What the task asks:
Word for word, set down the lines from the one that holds "Veil with Lace" through the final line of the listing below, and exclude every picture.

Source material:
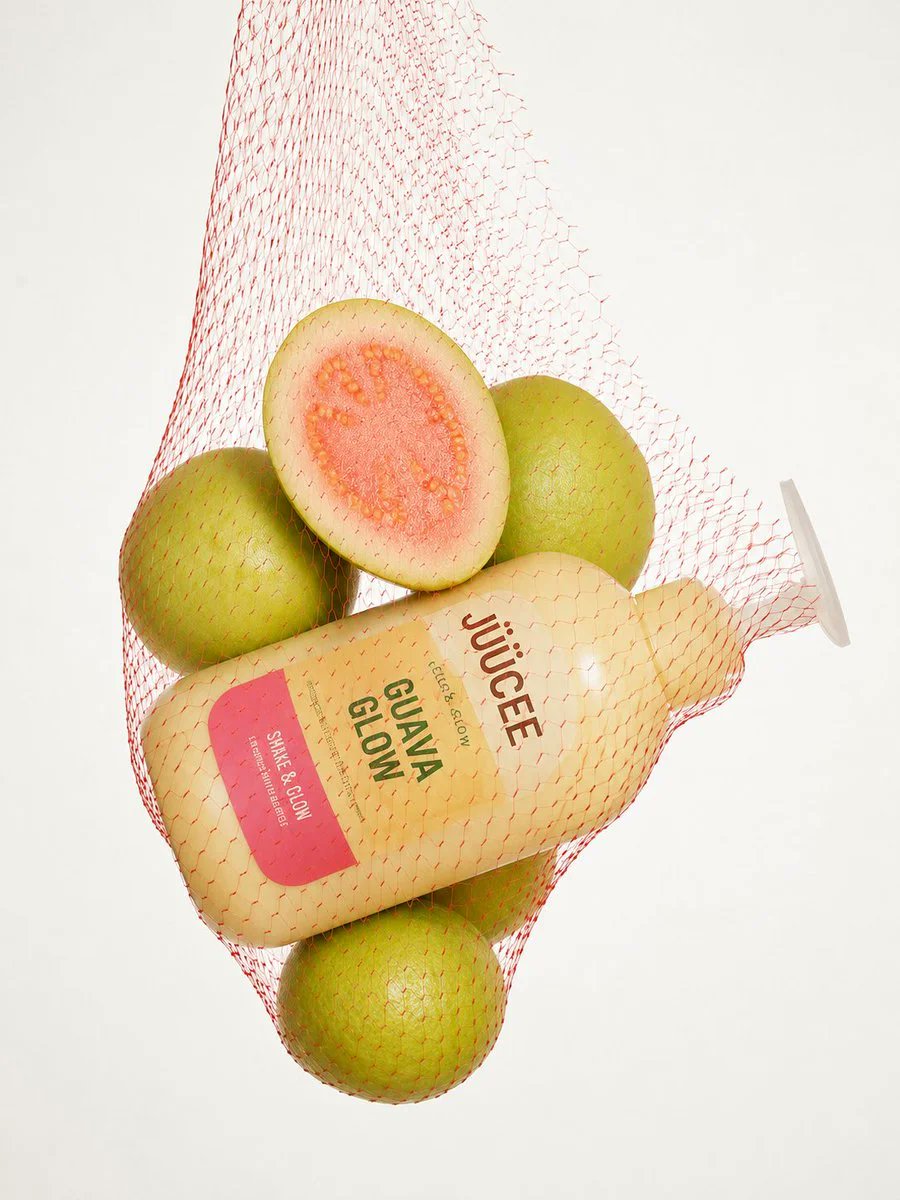 Suspended Mesh Bag Fruit Product Shot - Image prompt preview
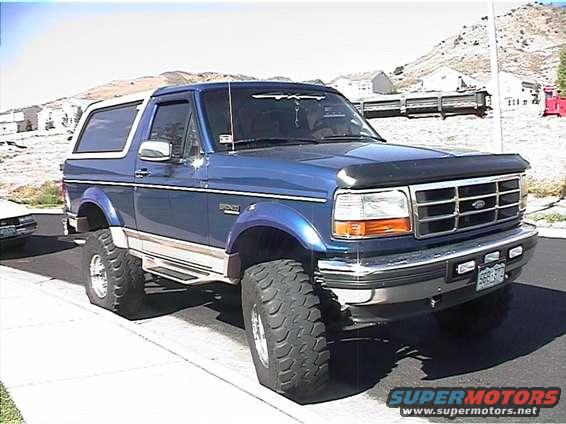 10000020.jpg You can see where I mounted my three fog lights in my bumper. 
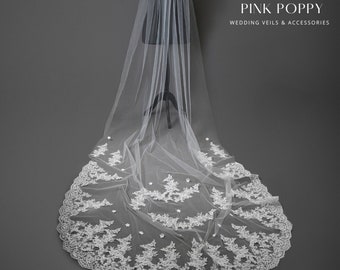 Veil with Lace detail, Cathedral Ivory Veil, Traditional Bridal Veil 300cms 118inches 3D Daisy Flower , comb attached.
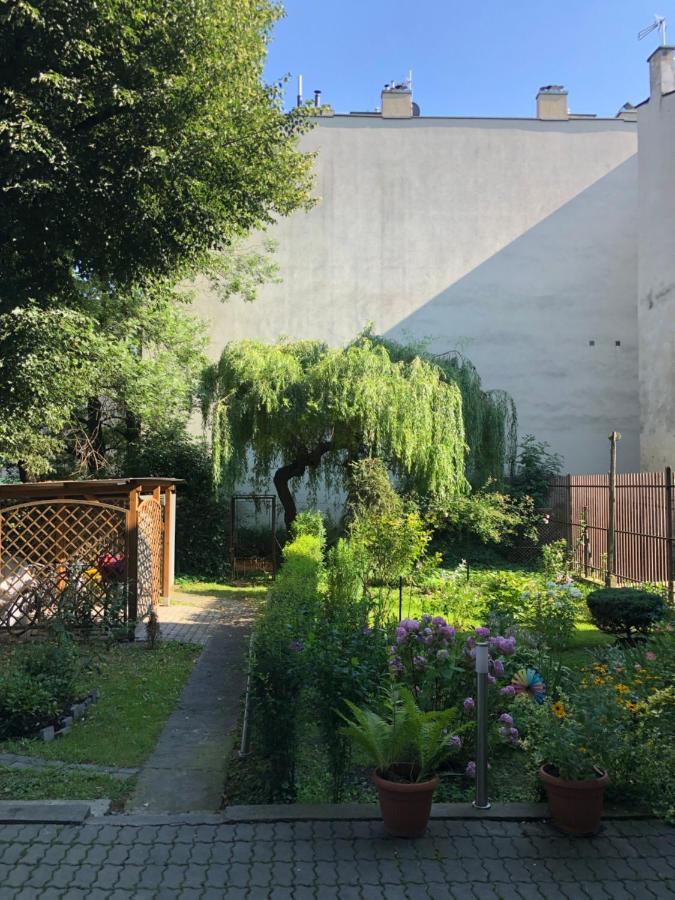 Studio Z Ogrodem Przy Starej Zajezdni Krakow Dış mekan fotoğraf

Task response:
 Veil with Lace detail, Cathedral Ivory Veil, Traditional Bridal Veil 300cms 118inches 3D Daisy Flower , comb attached.
 Studio Z Ogrodem Przy Starej Zajezdni Krakow Dış mekan fotoğraf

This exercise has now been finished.